EXERCISE BRIEF:
Where the records below reach the line containing "(((masterpiece))),highest quality, [(white", start transcribing, and end with the line containing "ウェッジウッド　フロレンティーン　グリーンゴールド　デザートプレート　20cm", exactly and with nothing else added.

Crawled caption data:

□ □ □ □

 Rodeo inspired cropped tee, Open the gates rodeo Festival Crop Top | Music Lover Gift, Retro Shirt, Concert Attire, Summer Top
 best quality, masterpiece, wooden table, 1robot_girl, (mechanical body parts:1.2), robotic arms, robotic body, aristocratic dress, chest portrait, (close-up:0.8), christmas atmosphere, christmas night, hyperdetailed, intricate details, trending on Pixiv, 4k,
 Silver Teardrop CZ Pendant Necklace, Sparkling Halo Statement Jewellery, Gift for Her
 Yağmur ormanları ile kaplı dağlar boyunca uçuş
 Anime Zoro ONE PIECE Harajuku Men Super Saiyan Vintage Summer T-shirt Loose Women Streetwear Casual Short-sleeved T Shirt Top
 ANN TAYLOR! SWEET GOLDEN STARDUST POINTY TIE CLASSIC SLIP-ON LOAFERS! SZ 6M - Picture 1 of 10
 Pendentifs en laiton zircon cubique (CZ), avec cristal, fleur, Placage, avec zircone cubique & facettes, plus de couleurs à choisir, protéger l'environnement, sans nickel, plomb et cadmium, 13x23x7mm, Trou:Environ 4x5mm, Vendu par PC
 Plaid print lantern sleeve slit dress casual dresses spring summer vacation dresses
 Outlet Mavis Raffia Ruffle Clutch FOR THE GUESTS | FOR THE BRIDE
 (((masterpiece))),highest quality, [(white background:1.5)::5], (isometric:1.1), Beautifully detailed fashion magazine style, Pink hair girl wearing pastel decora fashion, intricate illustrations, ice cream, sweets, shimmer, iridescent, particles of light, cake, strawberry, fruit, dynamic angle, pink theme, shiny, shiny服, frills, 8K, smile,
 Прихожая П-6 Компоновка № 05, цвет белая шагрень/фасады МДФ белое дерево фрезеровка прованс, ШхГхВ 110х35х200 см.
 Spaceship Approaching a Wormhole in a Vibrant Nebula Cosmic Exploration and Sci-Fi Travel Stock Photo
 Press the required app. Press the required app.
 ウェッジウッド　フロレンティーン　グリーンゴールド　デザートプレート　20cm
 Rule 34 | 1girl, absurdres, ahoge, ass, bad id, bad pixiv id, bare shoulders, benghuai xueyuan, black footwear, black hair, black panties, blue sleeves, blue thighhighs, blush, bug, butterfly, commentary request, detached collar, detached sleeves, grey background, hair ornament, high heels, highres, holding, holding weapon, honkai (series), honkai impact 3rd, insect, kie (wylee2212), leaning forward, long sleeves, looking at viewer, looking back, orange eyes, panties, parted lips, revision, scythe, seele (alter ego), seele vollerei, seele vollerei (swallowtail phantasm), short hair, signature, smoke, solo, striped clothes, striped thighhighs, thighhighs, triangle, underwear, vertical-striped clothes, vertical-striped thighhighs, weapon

□ □ □ □

ANSWER TO THIS EXERCISE:
 (((masterpiece))),highest quality, [(white background:1.5)::5], (isometric:1.1), Beautifully detailed fashion magazine style, Pink hair girl wearing pastel decora fashion, intricate illustrations, ice cream, sweets, shimmer, iridescent, particles of light, cake, strawberry, fruit, dynamic angle, pink theme, shiny, shiny服, frills, 8K, smile,
 Прихожая П-6 Компоновка № 05, цвет белая шагрень/фасады МДФ белое дерево фрезеровка прованс, ШхГхВ 110х35х200 см.
 Spaceship Approaching a Wormhole in a Vibrant Nebula Cosmic Exploration and Sci-Fi Travel Stock Photo
 Press the required app. Press the required app.
 ウェッジウッド　フロレンティーン　グリーンゴールド　デザートプレート　20cm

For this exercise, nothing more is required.